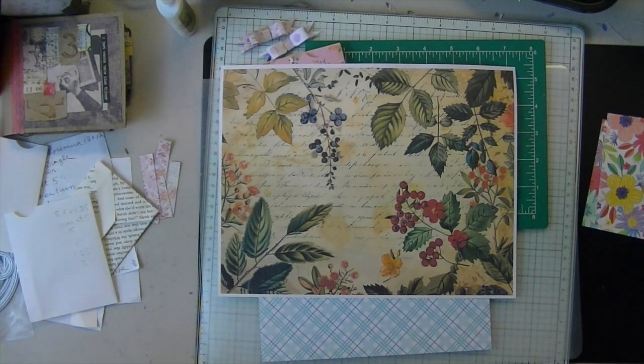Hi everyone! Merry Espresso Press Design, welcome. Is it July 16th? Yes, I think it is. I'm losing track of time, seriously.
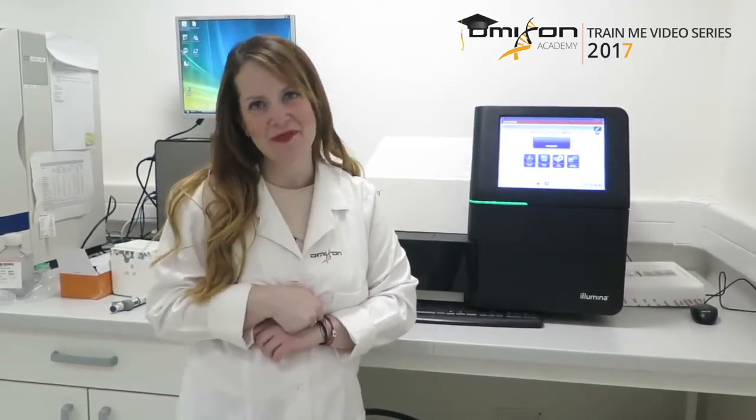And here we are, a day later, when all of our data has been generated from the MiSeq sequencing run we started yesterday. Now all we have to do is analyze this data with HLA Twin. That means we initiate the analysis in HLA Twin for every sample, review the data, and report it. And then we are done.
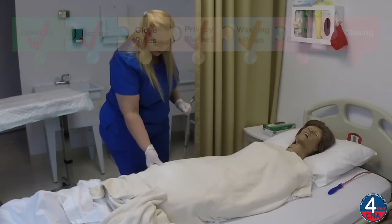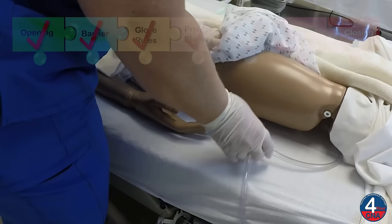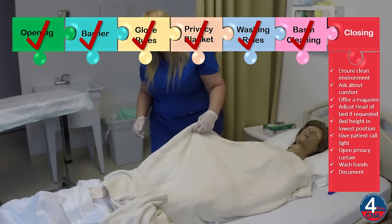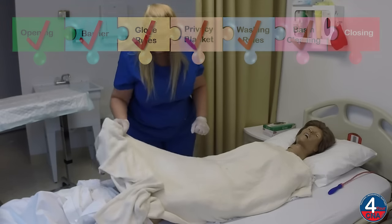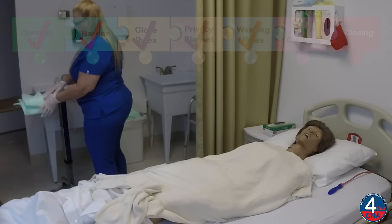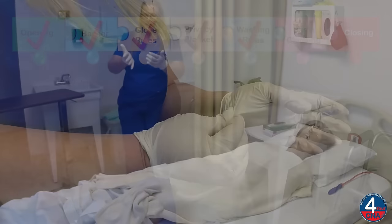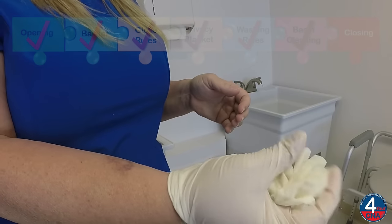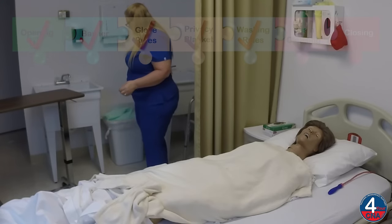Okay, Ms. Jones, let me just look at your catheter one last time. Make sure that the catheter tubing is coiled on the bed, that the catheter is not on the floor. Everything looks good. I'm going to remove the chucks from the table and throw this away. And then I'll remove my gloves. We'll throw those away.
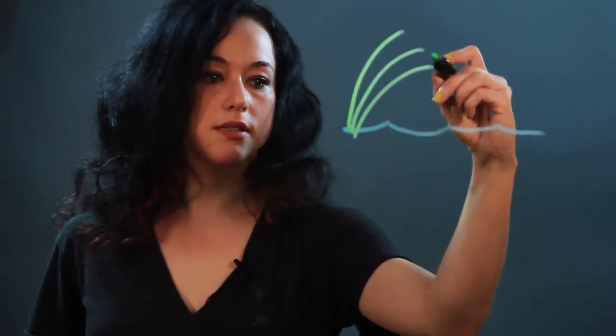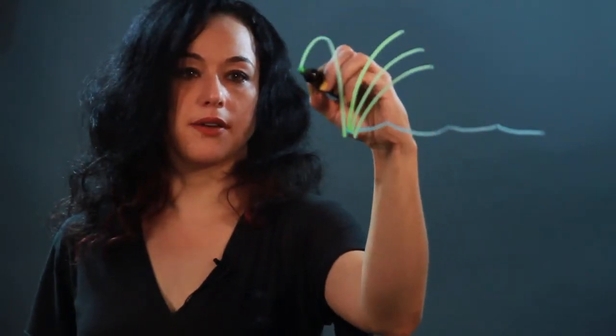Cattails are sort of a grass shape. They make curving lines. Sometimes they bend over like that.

(TASK OBJECTIVE)
Reproduce all lines above exactly. Leave the images out.

(ANSWER FOR THE TASK)
Hi everyone! Merry Espresso Press Design, welcome. Is it July 16th? Yes, I think it is. I'm losing track of time, seriously.
And here we are, a day later, when all of our data has been generated from the MiSeq sequencing run we started yesterday. Now all we have to do is analyze this data with HLA Twin. That means we initiate the analysis in HLA Twin for every sample, review the data, and report it. And then we are done.
Okay, Ms. Jones, let me just look at your catheter one last time. Make sure that the catheter tubing is coiled on the bed, that the catheter is not on the floor. Everything looks good. I'm going to remove the chucks from the table and throw this away. And then I'll remove my gloves. We'll throw those away.
Cattails are sort of a grass shape. They make curving lines. Sometimes they bend over like that.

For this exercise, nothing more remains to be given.